Bitcoin Futures Sentiment Index Signals Caution
Bitcoin’s price surged from approximately $74,000 in November 2024 to a peak of $101,000 by early February 2025. However, following US President Donald Trump’s tariff announcements, risk-on assets – including BTC -have experienced a significant pullback.
After hitting a potential local bottom of $74,508 earlier this month on April 6, the apex cryptocurrency has recovered some of its recent losses. The top digital asset is trading in the mid $80,000 range at the time of writing.
Despite this recovery, BTC’s futures sentiment has continued to decline since February. Even as the price holds near local highs, sentiment in the futures market has notably cooled.
CryptoQuant contributor abramchart highlighted this divergence, noting that it could indicate increasing caution or profit-taking behavior despite the ongoing bullish trend. The analyst commented:
This indicates a cooling interest or increased fear in the futures market, possibly due to macroeconomic uncertainty, regulatory concerns, or expected corrections.
A look at the BTC futures sentiment index shows a resistance zone around 0.8 and a support level near 0.2. The index is currently hovering around 0.4, pointing to a predominantly bearish sentiment across futures markets.
Similarly, Bitcoin’s average price has steadily declined from its early 2025 highs. It is now ranging between $70,000 and $80,000, signalling possible market indecision amid heightened tariff tensions.
According to abramchart, if futures sentiment remains low, BTC could face extended price consolidation or even downward pressure in the near term. However, any emerging bullish catalyst could quickly shift the sentiment and renew upward momentum.
Is BTC Close To A Momentum Shift?
Some analysts believe Bitcoin may be nearing a breakout. After consolidating in the mid-$80,000s for several weeks, on-chain metrics suggest BTC may be undervalued at current levels. Indicators such as BTC exchange reserves and the Stablecoin Supply Ratio support this view.

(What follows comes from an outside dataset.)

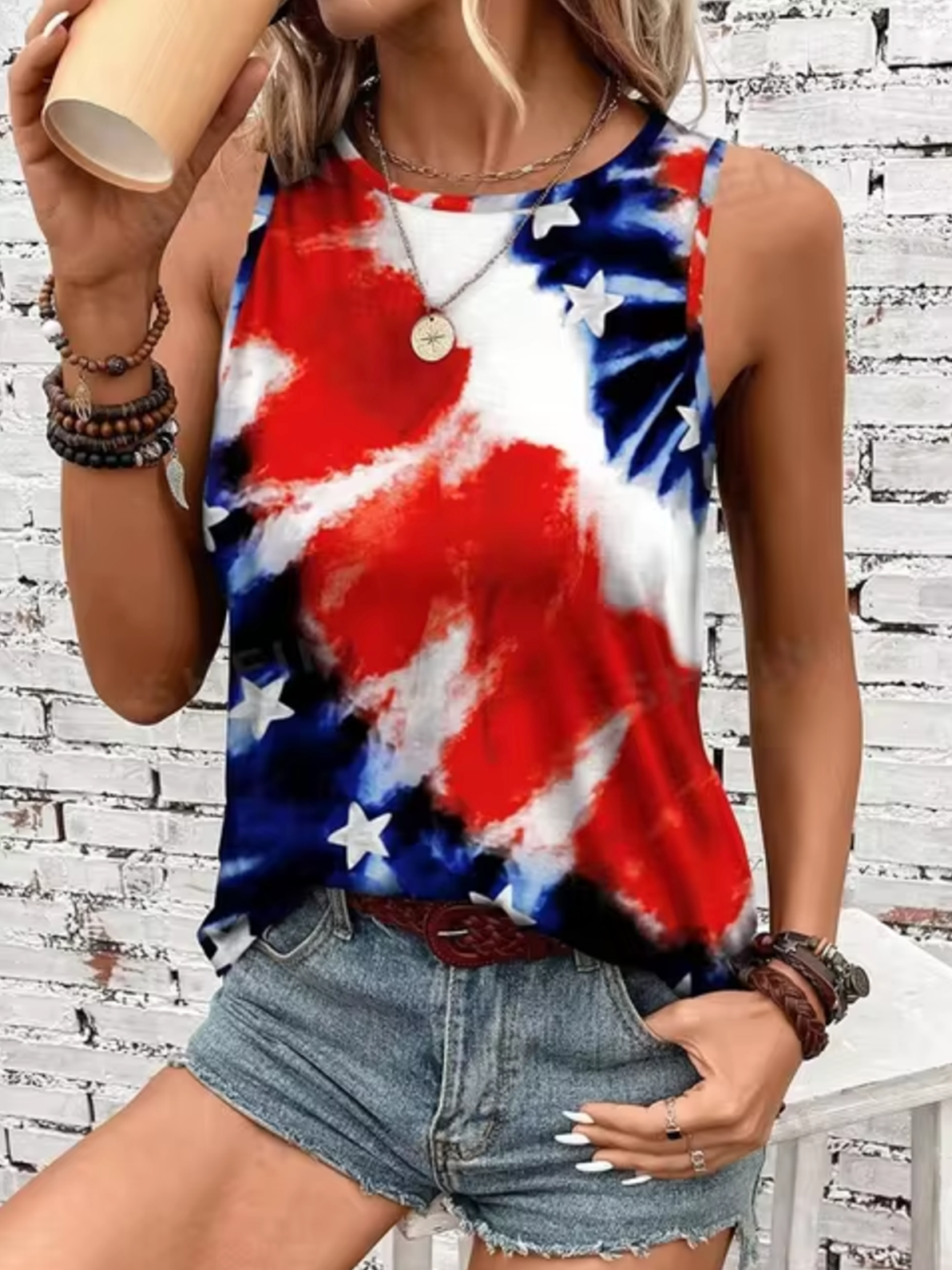 Camiseta Algodón Sin Mangas Verano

In addition, momentum indicators like Bitcoin’s weekly Relative Strength Index have begun to break out of a long-standing downward trendline – raising hopes for a potential bullish rally back toward $100,000.
However, several risks still remain. The recent appearance of a ‘death cross’ on BTC’s price chart – combined with persistent macroeconomic concerns related to trade tariffs – could still weigh heavily on market sentiment. At press time, BTC trades at $83,917, down 1.8% over the past 24 hours.